Prof. Dr. Illia Horenko
Gottlieb-Daimler-Straße
Gebäude: 48
Raum: 514
67663 Kaiserslautern
Postfach: 3049
67653 Kaiserslautern
Competence Areas
- Mathematical Methods and Computational Tools for the “small data“ Learning Challenge
- Methods for Computational Time Series Analysis of Real-Life Systems
- Mathematical Foundations of AI
- Biomedical Simulations
- Data Analysis
- Parallel Large-scale Simulations of Biological and Physical Systems
- Weather Simulations
Research Interests
Central goal of the research group is to develop computationally-scalable and mathematically-justified methodologies for “small sample grey-box learning” combined with big data analysis challenges, enabling to obtain valid results even by learning from a few examples only.
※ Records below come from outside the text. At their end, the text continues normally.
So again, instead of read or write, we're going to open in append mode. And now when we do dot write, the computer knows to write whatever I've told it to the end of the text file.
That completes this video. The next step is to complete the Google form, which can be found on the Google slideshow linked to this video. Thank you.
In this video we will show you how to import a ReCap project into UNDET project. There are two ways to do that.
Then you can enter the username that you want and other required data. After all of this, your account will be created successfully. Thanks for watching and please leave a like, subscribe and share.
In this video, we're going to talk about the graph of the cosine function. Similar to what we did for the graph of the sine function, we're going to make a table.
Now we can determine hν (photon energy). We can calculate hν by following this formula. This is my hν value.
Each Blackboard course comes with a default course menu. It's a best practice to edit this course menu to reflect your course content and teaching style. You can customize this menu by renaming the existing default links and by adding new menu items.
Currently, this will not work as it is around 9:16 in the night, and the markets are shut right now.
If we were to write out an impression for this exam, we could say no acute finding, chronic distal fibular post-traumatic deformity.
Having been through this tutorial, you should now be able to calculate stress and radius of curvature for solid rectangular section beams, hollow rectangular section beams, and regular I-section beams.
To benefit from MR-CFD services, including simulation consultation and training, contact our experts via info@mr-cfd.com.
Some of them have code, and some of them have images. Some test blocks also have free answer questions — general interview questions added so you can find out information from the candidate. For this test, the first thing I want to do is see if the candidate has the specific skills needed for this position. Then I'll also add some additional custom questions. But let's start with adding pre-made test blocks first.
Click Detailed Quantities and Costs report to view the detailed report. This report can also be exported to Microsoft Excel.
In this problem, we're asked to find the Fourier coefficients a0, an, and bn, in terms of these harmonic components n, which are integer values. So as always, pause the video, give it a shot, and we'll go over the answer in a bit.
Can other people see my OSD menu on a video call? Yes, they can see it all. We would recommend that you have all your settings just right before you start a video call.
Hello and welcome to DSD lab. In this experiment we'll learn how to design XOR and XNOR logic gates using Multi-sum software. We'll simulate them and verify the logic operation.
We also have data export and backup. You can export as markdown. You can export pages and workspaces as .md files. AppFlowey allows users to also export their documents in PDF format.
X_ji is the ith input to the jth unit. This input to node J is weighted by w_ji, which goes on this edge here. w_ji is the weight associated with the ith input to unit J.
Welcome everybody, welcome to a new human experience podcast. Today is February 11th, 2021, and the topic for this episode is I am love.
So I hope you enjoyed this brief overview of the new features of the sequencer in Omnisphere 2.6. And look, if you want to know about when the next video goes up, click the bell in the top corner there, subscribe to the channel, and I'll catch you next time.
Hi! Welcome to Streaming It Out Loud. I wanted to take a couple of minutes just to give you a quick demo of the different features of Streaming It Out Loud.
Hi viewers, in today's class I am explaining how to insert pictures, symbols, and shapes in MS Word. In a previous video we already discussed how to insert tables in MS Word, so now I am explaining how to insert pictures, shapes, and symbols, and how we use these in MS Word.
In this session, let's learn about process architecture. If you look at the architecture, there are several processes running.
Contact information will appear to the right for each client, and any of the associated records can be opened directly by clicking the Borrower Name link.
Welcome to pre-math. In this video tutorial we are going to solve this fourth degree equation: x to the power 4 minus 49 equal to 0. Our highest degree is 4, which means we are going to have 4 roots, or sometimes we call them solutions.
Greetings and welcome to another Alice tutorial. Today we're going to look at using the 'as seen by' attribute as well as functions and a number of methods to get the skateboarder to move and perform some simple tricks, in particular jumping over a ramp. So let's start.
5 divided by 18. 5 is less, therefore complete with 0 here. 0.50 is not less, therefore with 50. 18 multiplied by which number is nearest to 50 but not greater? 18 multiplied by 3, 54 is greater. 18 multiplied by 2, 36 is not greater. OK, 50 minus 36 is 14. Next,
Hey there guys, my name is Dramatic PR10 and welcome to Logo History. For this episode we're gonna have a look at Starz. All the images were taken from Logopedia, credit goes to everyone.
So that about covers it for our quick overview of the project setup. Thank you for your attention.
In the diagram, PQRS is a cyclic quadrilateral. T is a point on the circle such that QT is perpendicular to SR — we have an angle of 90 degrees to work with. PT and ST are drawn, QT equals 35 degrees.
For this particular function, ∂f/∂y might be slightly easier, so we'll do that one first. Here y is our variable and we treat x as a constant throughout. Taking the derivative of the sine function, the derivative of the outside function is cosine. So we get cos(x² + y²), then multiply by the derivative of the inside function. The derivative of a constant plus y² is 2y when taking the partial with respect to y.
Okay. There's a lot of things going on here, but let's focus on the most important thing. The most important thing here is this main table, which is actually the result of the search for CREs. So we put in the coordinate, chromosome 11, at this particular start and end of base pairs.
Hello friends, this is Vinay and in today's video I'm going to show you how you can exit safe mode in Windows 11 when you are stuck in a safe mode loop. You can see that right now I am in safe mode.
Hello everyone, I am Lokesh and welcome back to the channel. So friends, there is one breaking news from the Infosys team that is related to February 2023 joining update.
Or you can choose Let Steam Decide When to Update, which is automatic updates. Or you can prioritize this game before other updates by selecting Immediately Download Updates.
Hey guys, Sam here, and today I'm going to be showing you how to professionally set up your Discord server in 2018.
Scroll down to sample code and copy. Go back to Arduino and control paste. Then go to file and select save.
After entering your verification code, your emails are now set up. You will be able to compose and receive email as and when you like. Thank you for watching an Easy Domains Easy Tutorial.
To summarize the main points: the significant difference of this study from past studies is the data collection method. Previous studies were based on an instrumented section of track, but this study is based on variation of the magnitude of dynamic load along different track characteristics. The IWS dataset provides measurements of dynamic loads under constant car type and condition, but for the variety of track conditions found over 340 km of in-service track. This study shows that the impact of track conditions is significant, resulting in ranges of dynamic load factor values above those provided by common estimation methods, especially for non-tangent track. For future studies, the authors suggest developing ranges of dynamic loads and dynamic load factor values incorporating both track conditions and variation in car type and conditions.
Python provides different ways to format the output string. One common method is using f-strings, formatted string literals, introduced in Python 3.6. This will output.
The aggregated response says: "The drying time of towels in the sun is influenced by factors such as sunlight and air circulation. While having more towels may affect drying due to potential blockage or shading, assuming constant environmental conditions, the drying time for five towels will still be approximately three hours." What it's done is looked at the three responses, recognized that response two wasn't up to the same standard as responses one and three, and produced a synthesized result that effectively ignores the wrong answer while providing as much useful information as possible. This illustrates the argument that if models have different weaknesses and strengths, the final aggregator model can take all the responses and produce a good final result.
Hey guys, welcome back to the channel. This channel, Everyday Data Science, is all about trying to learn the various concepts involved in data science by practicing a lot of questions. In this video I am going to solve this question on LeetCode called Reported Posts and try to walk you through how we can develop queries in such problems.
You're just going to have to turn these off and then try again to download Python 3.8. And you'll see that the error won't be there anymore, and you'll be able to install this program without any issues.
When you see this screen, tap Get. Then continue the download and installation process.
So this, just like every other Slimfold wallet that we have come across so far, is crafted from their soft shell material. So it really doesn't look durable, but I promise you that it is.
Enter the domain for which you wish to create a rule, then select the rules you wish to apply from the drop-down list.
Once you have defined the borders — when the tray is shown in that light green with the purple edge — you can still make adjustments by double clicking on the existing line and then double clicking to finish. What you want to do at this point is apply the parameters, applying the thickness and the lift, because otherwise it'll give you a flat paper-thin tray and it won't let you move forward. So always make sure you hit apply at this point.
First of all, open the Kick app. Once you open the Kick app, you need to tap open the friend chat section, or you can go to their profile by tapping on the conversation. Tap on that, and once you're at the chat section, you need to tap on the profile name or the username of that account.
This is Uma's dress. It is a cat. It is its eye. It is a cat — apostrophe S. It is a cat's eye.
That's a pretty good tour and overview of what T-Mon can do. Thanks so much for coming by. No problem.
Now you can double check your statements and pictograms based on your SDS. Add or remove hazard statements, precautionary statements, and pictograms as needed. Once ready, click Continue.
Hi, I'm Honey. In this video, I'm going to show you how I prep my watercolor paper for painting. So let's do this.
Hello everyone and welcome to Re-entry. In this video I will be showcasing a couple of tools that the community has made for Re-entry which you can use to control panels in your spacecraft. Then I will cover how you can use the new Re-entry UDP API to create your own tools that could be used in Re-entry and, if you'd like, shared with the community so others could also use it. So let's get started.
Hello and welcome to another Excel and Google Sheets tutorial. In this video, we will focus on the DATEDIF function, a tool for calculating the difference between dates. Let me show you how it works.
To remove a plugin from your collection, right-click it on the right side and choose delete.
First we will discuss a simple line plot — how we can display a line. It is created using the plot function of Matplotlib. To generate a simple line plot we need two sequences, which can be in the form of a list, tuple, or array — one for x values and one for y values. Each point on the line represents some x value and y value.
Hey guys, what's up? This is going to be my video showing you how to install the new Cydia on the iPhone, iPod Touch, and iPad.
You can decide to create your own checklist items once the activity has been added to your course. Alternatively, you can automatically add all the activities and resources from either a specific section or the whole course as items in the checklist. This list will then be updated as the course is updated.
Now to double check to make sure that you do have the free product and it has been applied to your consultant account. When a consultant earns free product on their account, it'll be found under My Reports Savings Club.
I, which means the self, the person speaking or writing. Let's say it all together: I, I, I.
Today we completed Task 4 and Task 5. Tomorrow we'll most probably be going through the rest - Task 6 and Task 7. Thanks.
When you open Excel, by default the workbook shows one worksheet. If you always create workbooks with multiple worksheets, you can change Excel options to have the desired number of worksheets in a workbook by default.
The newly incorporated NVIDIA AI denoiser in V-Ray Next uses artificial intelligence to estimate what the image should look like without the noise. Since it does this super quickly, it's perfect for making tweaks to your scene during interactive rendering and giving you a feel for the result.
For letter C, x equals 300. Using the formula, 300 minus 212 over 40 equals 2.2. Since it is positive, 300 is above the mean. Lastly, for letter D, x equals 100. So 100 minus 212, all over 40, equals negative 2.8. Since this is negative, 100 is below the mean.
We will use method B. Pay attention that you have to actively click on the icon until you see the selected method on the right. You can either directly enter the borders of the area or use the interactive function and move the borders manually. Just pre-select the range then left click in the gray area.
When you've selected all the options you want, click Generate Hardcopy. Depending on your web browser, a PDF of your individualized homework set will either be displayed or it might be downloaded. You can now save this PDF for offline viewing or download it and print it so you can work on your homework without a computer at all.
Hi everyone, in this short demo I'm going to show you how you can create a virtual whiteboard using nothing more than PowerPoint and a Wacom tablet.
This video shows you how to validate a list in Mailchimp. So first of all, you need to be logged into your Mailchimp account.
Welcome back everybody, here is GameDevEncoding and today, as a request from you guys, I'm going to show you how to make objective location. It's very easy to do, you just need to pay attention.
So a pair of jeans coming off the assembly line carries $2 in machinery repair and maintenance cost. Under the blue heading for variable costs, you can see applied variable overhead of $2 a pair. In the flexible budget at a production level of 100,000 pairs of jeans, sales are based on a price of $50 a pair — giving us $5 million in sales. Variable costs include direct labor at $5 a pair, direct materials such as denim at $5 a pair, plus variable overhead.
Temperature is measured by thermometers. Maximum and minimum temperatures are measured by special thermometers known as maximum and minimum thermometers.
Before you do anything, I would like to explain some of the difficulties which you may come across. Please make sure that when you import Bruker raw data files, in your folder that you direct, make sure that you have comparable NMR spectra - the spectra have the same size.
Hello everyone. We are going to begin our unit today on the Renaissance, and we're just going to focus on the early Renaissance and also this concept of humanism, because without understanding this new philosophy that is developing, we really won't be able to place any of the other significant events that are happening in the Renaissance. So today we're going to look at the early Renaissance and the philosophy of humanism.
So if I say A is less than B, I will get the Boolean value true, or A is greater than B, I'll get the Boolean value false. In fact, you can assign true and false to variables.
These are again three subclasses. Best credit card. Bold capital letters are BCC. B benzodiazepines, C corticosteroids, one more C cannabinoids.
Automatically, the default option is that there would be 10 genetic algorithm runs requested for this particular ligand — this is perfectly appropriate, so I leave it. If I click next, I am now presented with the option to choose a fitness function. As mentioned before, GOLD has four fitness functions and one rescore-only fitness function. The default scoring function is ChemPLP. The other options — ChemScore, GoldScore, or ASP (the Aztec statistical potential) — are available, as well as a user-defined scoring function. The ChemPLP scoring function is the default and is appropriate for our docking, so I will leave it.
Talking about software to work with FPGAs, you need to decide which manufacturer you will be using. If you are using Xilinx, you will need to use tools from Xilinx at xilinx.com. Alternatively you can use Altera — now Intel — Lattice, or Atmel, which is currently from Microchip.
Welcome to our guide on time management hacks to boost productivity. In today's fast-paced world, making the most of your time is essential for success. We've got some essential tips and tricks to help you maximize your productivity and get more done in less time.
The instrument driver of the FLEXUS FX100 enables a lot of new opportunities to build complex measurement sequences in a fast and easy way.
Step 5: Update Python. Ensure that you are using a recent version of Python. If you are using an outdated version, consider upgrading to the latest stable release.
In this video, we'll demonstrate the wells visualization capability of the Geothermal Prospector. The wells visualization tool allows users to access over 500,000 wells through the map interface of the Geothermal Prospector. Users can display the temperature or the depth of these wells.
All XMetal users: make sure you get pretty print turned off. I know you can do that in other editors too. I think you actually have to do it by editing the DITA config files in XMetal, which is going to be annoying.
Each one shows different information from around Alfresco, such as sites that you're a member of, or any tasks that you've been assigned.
In recent years, the small data challenges emerging in various applications, particularly in biomedicine, in geosciences and in economics/finance, have indicated an urgent need for replacing the current state-of-the-art data-hungry AI and ML tools with algorithms that can smartly handle available information and are still statistically valid with fewer data. The group of Illia Horenko develops several “grey-box” small data analysis algorithms on the boundary between ML and applied mathematics, based on a joint mathematical formulation of an entropy-optimal feature selection, Bayesian label-matching and sparse probabilistic data approximation. The research group is advancing these algorithms with data sets from different disciplines, including biomedicine, finance and geosciences. In contrast to the state-of-the-art in ML, these methods do not solve distinct data analysis steps sequentially in a pipeline but solve all of these problems jointly and simultaneously based on a scalable numerical solution of the appropriate optimal discretization problem. They allow obtaining geometrically-interpretable models trained with numerical optimization algorithms with linear computational cost scaling. Furthermore, these methods are characterized by mathematically-justified regularity and optimality of the obtained solutions and a parallel communication cost proven to be independent of the sample statistics size.